Key words: 2-oxohistidine, reactive oxygen species, metal-catalyzed oxidation, proteasome, interactome 
  """

In [None]:
print("\nEvaluating Agent-Based Translation:")
calculate_meteor(reference_translation, translated_text)
calculate_rouge(reference_translation, translated_text)

## Evaluating Google Translation

In [None]:
print("\nEvaluating Google Translation:")
calculate_meteor(reference_translation, google_translated_text)
calculate_rouge(reference_translation, google_translated_text)

# Conclusion
In this tutorial, we've:
- Explored the concept of agents in the context of LLMs.
- Demonstrated how agents can enhance technical language translation.
- Implemented an agent-based translation system that extracts and manages technical terms.
- Compared our agent-based approach with standard machine translation.
- Evaluated translation quality using METEOR and ROUGE metrics.

Key Takeaways:
- Agents enable structured and iterative workflows that improve translation quality.
- Managing technical terms ensures consistency and accuracy in translations.
- Back translation and comparison help identify and rectify discrepancies.

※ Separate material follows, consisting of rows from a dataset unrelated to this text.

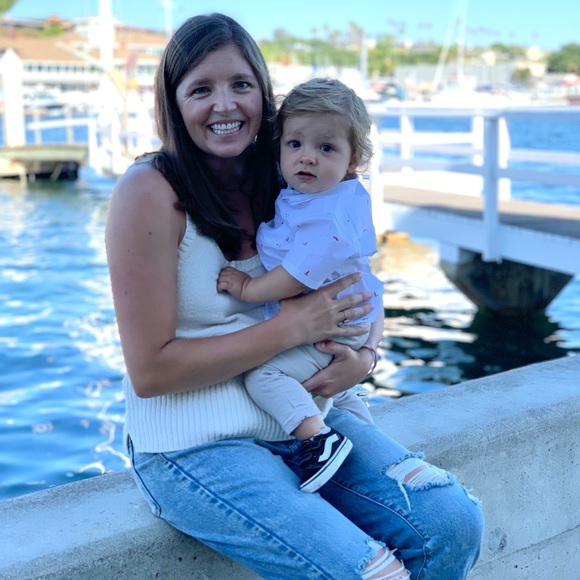 Meet your Posher, Lauren - Picture 1 of 6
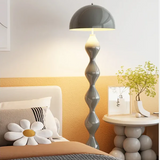 Skandinavische Stehlampe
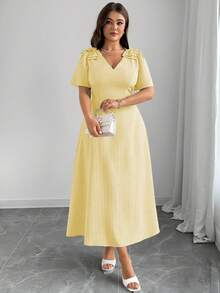 SHEIN Elenzya 大码纹理蝴蝶结V领短袖连衣裙，优质连衣裙，畅销连衣裙，女士正装连衣裙，优雅经典款 - 黃色 - 查看 5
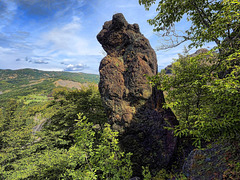 Dito  di roccia ofiolitica sui dirupi del Groppo di Gorro - Roccamurata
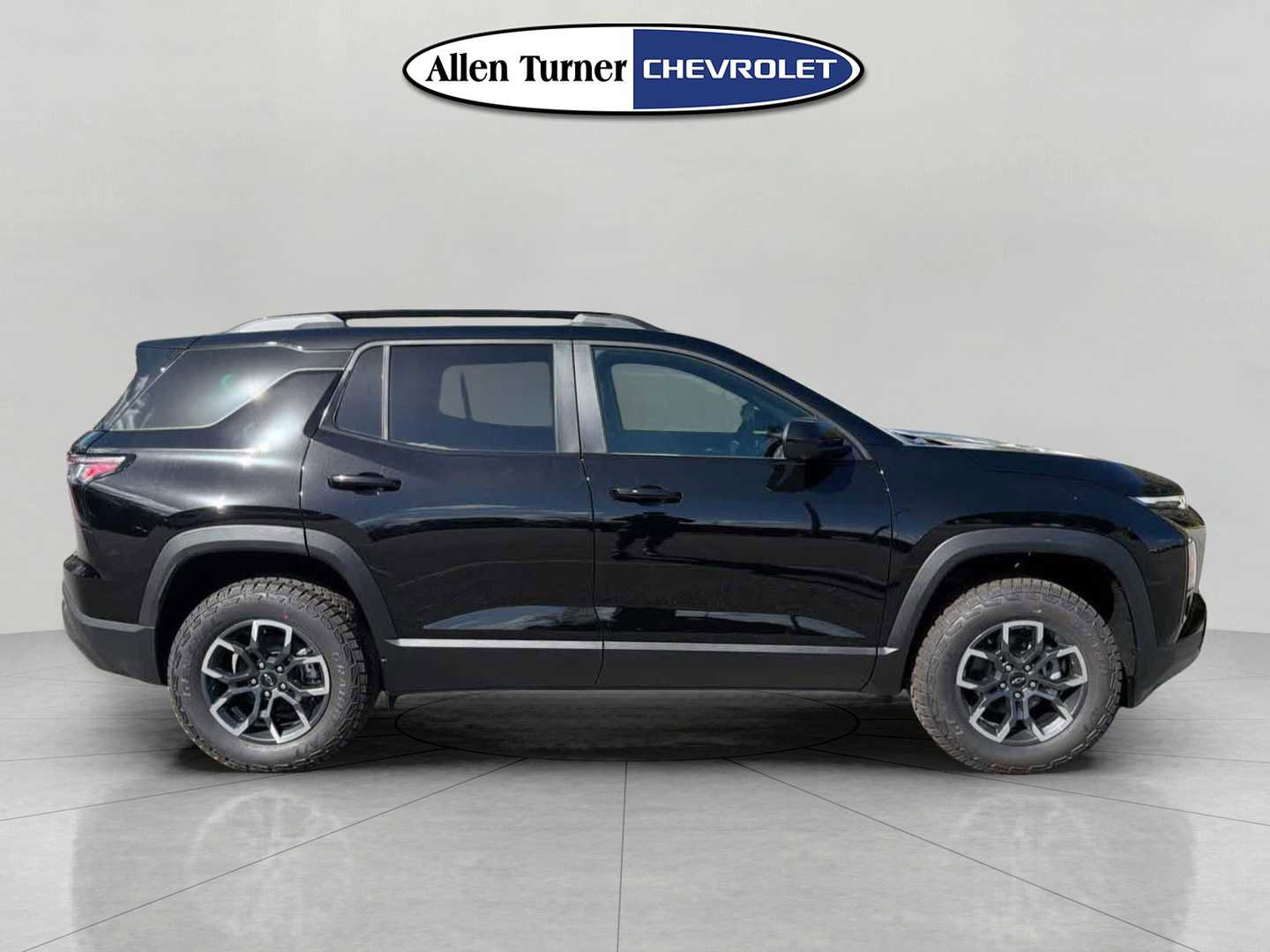 New 2026 Chevrolet Equinox ACTIV w/ Convenience Package III FWD image 3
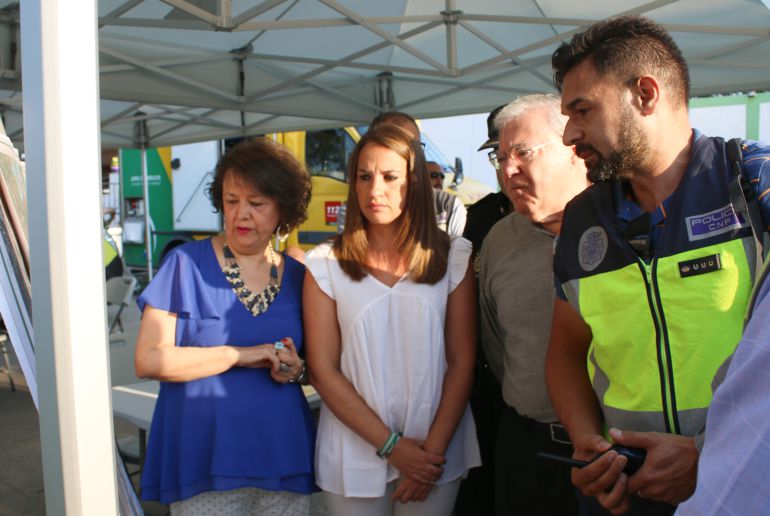 Rafaela Valenzuela, subdelegada del gobierno en Córdoba, Esther Ruiz, delegada de la Junta de Andalucía y Emilio Aumente, concejal de presidencia, en el Puesto de Mando Avanzado de Alcolea Rafaela Valenzuela, subdelegada del gobierno en Córdoba, Esther Ruiz, delegada de la Junta de Andalucía y Emilio Aumente, concejal de presidencia, en el Puesto de Mando Avanzado de Alcolea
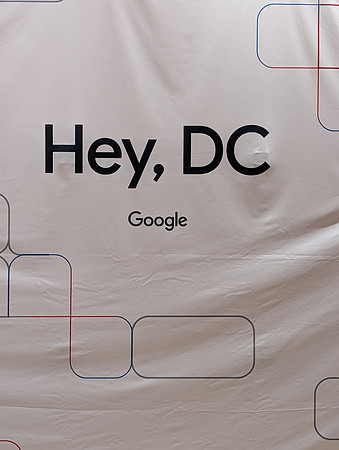 0128__12-1-25_Inkling-LLC-Google-Store-Google-Pixel-Step-Repeat_Georgetown-DC-Event-Photojournalism-event-photography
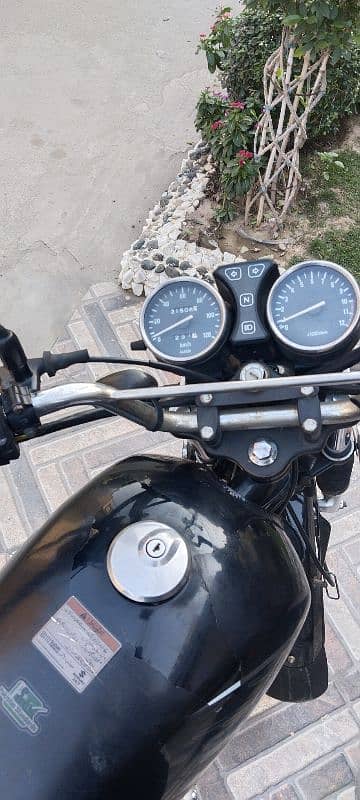 Suzuki GS150 SE 4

By incorporating agentic frameworks, data scientists can build more sophisticated and reliable NLP applications.

# Next Steps
- Extend to Other Domains: Adapt the agent for other technical fields like legal or engineering documents.
- Automate Refinement: Implement automated feedback incorporation for iterative improvement.
- Scale Up: Integrate the agent into larger translation pipelines or applications.